Virtual memory is invisible until it isn’t. For most applications, page faults and TLB misses are a background tax paid during warm-up. For latency-sensitive systems —high-frequency trading, real-time audio, control systems —they appear as unpredictable spikes that violate tail-latency requirements. This guide covers each source and how to eliminate it.


The Short List

  • Minimize page faults by pre-faulting, locking memory, and disabling swap.
  • Reduce TLB misses by tightening working-set size and using huge pages.
  • Avoid TLB shootdowns by not modifying page tables after startup.
  • Avoid writable file-backed mappings that trigger page cache writeback stalls.
  • Disable Transparent Huge Pages (THP) —the background compaction daemon introduces latency spikes.
  • Disable KSM —kernel same-page merging locks page tables.
  • Disable automatic NUMA balancing —page migration triggers TLB shootdowns.

Page Faults

The kernel defers physical memory allocation until a page is accessed (demand paging). Two categories matter for latency:

Major faults: the required page is not in RAM and must be read from disk. Cost is comparable to a read syscall —hundreds of microseconds to milliseconds.

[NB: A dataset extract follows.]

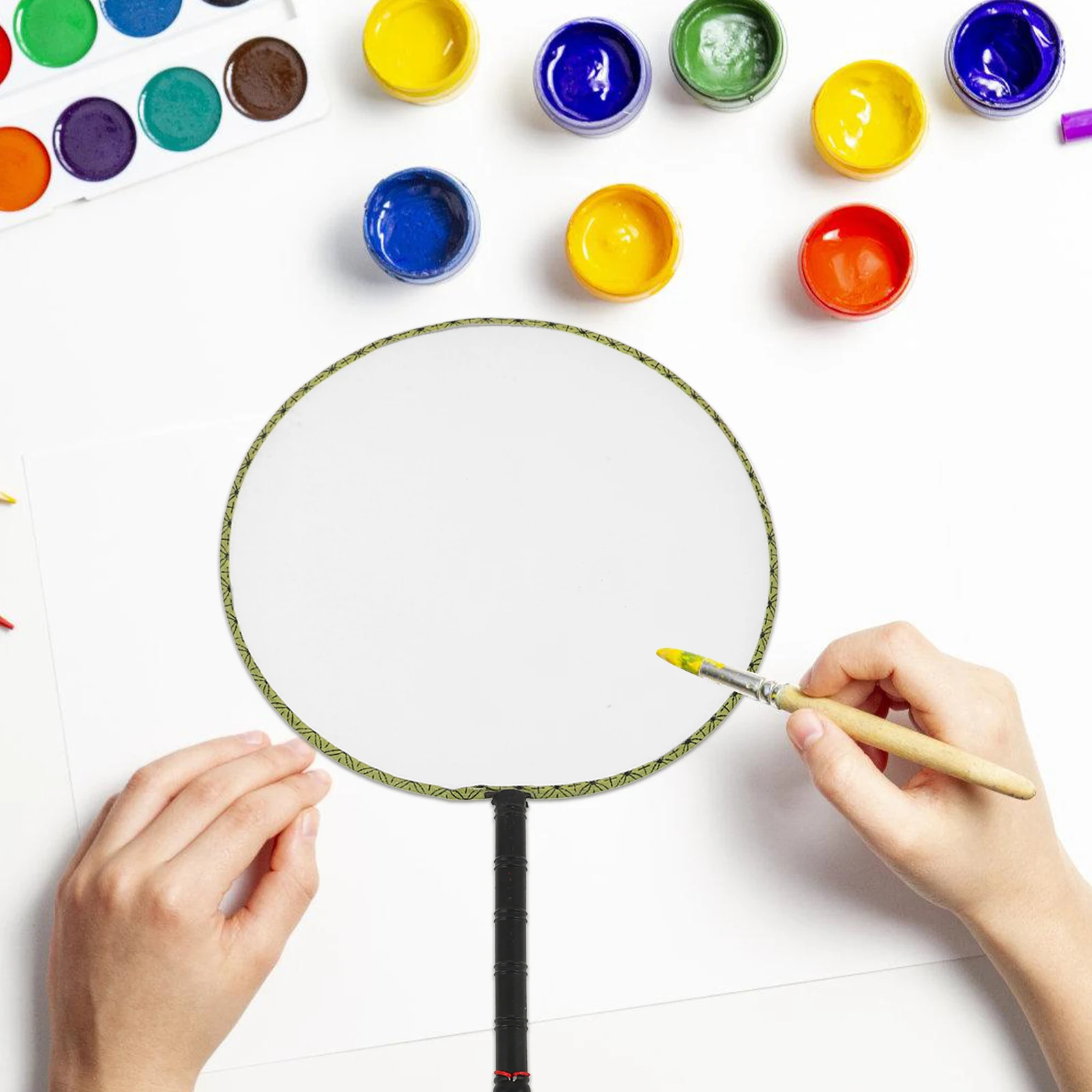 

5Pcs Kids Graffiti Hand Fan DIY Blank Painting Round Fan Craft Set Educational Art Child Bonding Decor Idea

Minor faults: the page is in RAM (or the page cache) but the page table entry has not been established yet. The kernel updates the PTE and returns. This still requires entering the kernel and may contend on page table locks in multithreaded programs.

Anonymous memory (from malloc, mmap(MAP_ANONYMOUS)) incurs a minor fault on first write: the kernel allocates a zero-filled page and wires it up.

Eliminating Page Faults

Pre-fault all memory before the hot path:

// After mmap or malloc, touch every page to establish mappings
char* mem = (char*)mmap(nullptr, size, PROT_READ | PROT_WRITE,
                        MAP_PRIVATE | MAP_ANONYMOUS | MAP_POPULATE, -1, 0);
// MAP_POPULATE triggers eager mapping during mmap itself

Or use mlock() to both lock pages in RAM and trigger pre-faulting:

mlock(ptr, size);  // prevents swap-out and pre-faults

Disable swap system-wide to prevent any anonymous page from being evicted:

swapoff -a

Disable automatic NUMA balancing, which migrates pages and causes extra faults:

echo 0 > /proc/sys/kernel/numa_balancing

Monitoring

perf stat -e faults,minor-faults,major-faults ./program

TLB Misses

The TLB caches virtual-to-physical address translations. It has limited capacity —typically 64 L1 entries (4 KiB pages) and 1536 L2 entries (mixed sizes). A miss requires a hardware page table walk, costing tens of nanoseconds.

Reducing TLB Pressure

Shrink the working set. Every hot structure that fits in fewer pages leaves more TLB capacity for other data. Prefer dense, compact layouts over pointer-chasing.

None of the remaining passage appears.